On-device LLM inference on phones went from research to platform-supported in 2024-2025. Apple's Foundation Models framework and Google's Gemini Nano API made small-model inference a first-class platform capability. Knowing what's available — and what's not — shapes mobile app design in 2026.
Apple Foundation Models
3B-parameter on-device model + per-app fine-tunes via LoRA-style adapters. Accessible via Swift API. ~30-50 tokens/sec on iPhone 15+. Private (data never leaves device). Capabilities: text summary, classification, generation, tool use. Limits: 4K context, no long-form generation.
Android Gemini Nano
Similar tier — smaller models embedded in the OS. Google APIs expose them on Pixel and increasingly other Android devices. AICore service runs them. Not yet universally available across Android device range — fragmentation is real.

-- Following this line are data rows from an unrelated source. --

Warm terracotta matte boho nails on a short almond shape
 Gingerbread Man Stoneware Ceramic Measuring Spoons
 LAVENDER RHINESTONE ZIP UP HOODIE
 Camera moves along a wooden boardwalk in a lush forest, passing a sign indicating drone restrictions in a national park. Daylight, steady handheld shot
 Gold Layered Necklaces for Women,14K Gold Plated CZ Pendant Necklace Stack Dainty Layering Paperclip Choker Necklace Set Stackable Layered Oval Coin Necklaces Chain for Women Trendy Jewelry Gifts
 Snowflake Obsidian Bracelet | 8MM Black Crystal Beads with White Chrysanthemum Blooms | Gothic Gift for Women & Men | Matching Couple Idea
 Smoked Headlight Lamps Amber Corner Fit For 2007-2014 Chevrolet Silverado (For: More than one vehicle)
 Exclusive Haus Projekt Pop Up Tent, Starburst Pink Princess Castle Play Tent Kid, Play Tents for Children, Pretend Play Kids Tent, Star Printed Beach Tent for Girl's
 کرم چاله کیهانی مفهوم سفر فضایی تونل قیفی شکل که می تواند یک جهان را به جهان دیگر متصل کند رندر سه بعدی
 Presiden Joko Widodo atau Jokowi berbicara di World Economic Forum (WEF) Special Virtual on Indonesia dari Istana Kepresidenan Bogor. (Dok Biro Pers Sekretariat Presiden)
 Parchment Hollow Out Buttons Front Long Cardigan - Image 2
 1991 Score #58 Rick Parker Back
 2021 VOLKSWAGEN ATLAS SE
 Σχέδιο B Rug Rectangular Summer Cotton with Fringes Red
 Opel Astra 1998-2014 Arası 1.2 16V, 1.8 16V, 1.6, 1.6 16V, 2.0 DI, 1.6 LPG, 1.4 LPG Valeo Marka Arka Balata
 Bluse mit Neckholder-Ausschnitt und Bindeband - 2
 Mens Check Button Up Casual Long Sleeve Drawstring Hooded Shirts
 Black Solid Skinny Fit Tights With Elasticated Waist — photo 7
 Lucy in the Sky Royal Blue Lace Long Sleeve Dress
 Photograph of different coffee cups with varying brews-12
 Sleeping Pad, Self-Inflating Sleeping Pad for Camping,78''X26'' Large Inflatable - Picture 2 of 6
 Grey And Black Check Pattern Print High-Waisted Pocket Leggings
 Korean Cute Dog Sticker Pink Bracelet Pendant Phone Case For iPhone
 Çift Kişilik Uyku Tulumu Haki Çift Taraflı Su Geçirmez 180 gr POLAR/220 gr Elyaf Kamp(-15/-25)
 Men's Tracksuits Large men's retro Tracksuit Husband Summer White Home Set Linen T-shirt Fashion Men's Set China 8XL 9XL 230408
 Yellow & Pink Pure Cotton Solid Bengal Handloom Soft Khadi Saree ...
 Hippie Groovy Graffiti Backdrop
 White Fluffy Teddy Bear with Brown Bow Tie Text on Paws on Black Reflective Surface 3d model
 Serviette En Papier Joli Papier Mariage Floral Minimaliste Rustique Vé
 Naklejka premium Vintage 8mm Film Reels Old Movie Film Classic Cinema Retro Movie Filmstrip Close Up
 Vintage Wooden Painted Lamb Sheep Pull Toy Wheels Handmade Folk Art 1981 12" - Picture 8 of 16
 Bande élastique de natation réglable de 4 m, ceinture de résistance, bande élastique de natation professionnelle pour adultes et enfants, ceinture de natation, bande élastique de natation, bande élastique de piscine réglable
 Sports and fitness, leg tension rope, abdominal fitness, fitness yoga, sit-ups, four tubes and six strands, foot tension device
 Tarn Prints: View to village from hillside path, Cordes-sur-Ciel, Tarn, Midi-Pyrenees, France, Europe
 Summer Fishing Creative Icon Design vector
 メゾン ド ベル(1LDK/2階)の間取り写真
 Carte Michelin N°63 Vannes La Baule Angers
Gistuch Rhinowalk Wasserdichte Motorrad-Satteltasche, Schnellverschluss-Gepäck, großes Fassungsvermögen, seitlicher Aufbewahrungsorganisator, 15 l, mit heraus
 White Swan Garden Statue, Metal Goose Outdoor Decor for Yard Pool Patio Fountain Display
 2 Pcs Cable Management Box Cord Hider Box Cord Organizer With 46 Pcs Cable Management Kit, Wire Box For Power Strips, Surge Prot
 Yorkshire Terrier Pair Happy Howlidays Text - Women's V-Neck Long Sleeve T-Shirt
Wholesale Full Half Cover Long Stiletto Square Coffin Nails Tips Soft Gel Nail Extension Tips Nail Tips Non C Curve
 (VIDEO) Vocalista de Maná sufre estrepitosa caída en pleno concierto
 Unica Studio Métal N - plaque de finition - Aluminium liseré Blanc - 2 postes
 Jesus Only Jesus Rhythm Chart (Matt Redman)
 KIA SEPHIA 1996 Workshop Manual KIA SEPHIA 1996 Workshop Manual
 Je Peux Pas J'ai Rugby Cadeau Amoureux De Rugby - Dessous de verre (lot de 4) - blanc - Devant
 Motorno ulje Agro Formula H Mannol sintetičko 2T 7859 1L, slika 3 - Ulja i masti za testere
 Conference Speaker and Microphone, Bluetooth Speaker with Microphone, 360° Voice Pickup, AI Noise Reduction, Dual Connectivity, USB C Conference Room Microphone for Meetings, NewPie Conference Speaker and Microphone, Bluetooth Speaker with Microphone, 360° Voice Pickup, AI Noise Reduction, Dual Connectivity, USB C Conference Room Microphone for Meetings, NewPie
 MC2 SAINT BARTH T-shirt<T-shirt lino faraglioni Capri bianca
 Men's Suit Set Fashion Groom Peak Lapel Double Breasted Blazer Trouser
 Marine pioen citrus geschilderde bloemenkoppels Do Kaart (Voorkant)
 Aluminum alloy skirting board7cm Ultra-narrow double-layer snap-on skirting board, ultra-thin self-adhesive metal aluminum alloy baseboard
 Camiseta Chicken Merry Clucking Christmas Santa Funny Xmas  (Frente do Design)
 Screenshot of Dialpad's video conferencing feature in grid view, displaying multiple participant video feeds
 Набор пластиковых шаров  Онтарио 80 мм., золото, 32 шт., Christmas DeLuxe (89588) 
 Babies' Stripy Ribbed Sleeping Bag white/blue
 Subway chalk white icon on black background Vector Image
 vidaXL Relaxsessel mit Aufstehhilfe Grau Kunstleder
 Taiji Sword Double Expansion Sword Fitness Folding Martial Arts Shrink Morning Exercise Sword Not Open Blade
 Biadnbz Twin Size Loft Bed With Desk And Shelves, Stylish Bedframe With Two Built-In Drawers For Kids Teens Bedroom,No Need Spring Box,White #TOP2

Cross-platform via Ollama / MLC / Llama.cpp
When platform APIs don't fit (need a specific model, need broader Android support), bundle a runtime. Ollama and MLC offer mobile builds. Llama.cpp ports work on iOS/Android. Higher app size cost (50-200MB).
Use cases that fit
Smart compose, autocorrect with intent, brief summaries, structured extraction from user input, voice agents with local STT, simple classification (spam, sentiment). Fast, private, offline.
Use cases that don't
Long-form writing assistance. Complex reasoning. Real-time chat (latency OK; quality won't match server). Knowledge-base Q&A requiring large knowledge. Fall back to server-side LLM for these.